At that time homosexuals would not be accepted in the army. When Sassoon implies his homosexuality during one of his sï¿½ances with Rivers, the doctor warns him. Even though Rivers really feels sympathy for Sassoon’s unfortunate situation in the prejudiced society, he tells him that he must face the reality he lives in. The doctor explains that society could become more accepting in the future, but it is not likely “that any movement towards greater tolerance would persist in wartime” (Barker 204).
He implies that it is not possible for a single man to change the world and make it look from another angle. Rivers also states its time for Sassoon to grow up and start “living in the real world”, whether or not he agrees (Barker 205). The purpose of his words is to convince Sassoon that if he admits his sexuality this would worsen his present situation even more. Moreover, through Prior’s character another social restriction that is denounced – censorship. During wartime there is no privacy at all: “I censored it every week. We read all their letters….” (Barker 131). Also, soldiers are never told if their letters have arrived. They are kept like prisoners on the front with their homes and loved ones far away. By depicting all of these social restrictions from the war time Barker maintains the “anti-war” mood throughout the novel.
Furthermore, by the end of the novel Rivers’ convictions shift and he realizes how unjust the war is, how awful and long-lasting the consequences are, thus contributing to the peak of the reader’s anti-war certainty. The idea of unjust war is implied through River’s change. In the beginning his ultimate goal is to see all of his patients return to the front in good health, prepared to fight once again for their country. However, because of some events Rivers starts to question war’s justification and realizes that he sends his patients to an almost certain death. The culmination of his “anti-war” conviction is when he witnesses Burns’ dire condition: “Nothing justifies this. Nothing nothing nothing…” (Barker 180).
Furthermore, the doctor confirms his fears when he goes to observe Yealland’s methods. As he watches Callan’s treatment Rivers is horrified: “He couldn’t bare to go on watching. He looked down at the backs of his clasped hands…” (Barker 232). After that episode Rivers considers the differences between himself and Yealland and for his horror realizes that they are the same.
In Chapter 14 his thoughts are released: “Obviously he and Yealland were both in the business of controlling people. Each of them fitted young men back into role of warrior …” (Barker 238). At that point Rivers understands that instead of curing his patients he actually breaks them down. Even though his methods are less severe than Yealland’s, the effect is the same. To a certain extent Rivers is violating his patients’ rights because of war. All of these examples portray how Barker gradually, but effectively builds the “anti-war” suggestion in Regeneration.

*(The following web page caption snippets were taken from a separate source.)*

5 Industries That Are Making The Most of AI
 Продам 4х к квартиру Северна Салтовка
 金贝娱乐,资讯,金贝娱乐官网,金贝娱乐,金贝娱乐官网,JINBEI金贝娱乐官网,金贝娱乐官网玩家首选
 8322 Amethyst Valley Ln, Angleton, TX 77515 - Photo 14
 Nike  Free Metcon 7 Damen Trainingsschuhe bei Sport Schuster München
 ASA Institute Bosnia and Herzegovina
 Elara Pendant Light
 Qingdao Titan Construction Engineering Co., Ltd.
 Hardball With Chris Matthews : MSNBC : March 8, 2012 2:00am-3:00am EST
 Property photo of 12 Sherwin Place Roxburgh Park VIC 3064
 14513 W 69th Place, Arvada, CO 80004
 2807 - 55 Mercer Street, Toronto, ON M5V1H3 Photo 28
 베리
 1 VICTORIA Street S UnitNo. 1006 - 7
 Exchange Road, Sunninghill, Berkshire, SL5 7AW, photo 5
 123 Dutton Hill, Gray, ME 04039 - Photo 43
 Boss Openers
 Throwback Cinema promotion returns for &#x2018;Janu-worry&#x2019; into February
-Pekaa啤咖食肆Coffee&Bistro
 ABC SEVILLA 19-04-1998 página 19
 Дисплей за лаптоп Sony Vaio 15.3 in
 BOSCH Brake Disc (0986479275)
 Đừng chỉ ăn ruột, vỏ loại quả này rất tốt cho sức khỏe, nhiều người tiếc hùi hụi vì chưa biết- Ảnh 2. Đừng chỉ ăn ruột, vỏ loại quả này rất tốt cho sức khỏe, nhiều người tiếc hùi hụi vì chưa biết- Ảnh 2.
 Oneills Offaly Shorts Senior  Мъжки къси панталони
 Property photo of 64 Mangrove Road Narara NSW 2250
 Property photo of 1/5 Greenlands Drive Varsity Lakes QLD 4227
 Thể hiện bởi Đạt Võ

Barker’s novel Regeneration is an “anti-war” book because it provides a unique possibility to the contemporary reader to dive into the depths of a war that had irrevocable effects on soldiers’ mentality. The author’s personal attitude is expressed by her characters’ behavior and destiny in the society. She aims to remind people of what effects the war had on previous generations and warn them, so that the same mistake does not occur. Will it?